A heavy freight train has a mass of 11800 metric tons. If the locomotive can pull with a force of 691000 N, how long does it take to increase it's speed from 0 to 70.3 km/h?
To find the time it takes for the train to increase its speed from 0 to 70.3 km/h, we can use Newton's second law of motion, which states that force equals mass multiplied by acceleration (F = m * a).
First, let's convert the mass of the train from metric tons to kilograms. Since 1 metric ton is equal to 1000 kilograms, the mass of the train is 11800 metric tons * 1000 kg/metric ton = 11,800,000 kg.
Next, let's convert the speed from km/h to m/s, as we are using the metric system in our calculations. To convert, we divide the speed (70.3 km/h) by 3.6, since there are 3.6 seconds in an hour. This gives us a speed of 70.3 km/h ÷ 3.6 = 19.5 m/s.
Now, we need to find the acceleration. Rearranging the formula F = m * a, we get a = F / m. Plugging in the values, we have a = 691000 N / 11,800,000 kg ≈ 0.0586 m/s^2.
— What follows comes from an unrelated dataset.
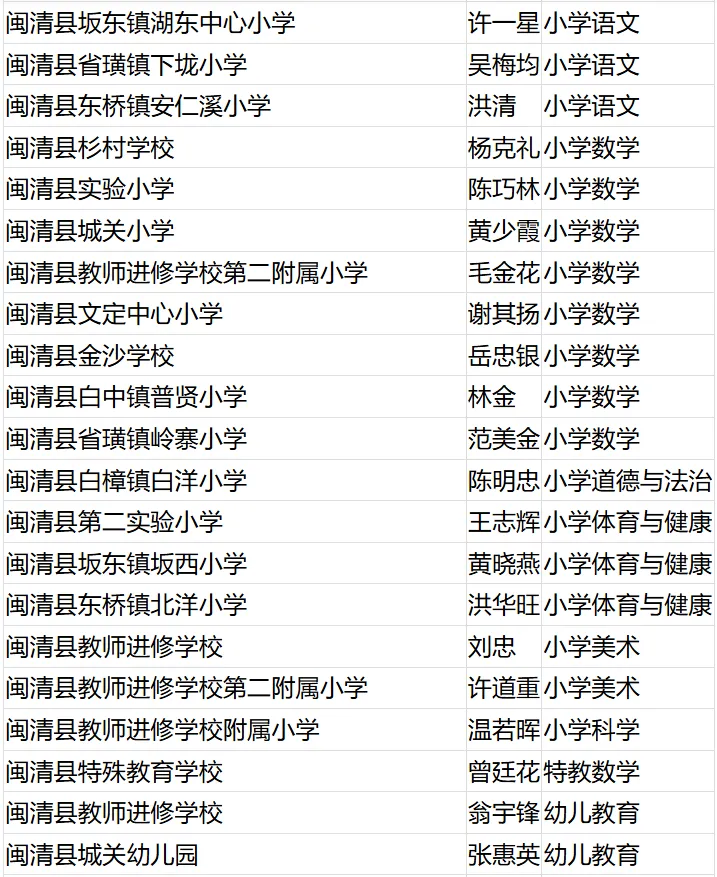 名单公布！恭喜闽清这些教师！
Finally, we can use the equation v = u + at, where v is the final velocity, u is the initial velocity (which is 0 m/s since the train starts from rest), a is the acceleration, and t is the time.
Plugging in the values, we have 19.5 m/s = 0 m/s + 0.0586 m/s^2 * t. Rearranging the equation to solve for t, we get t = (19.5 m/s) / (0.0586 m/s^2) ≈ 332.6 seconds.
Therefore, it takes approximately 332.6 seconds for the heavy freight train to increase its speed from 0 to 70.3 km/h.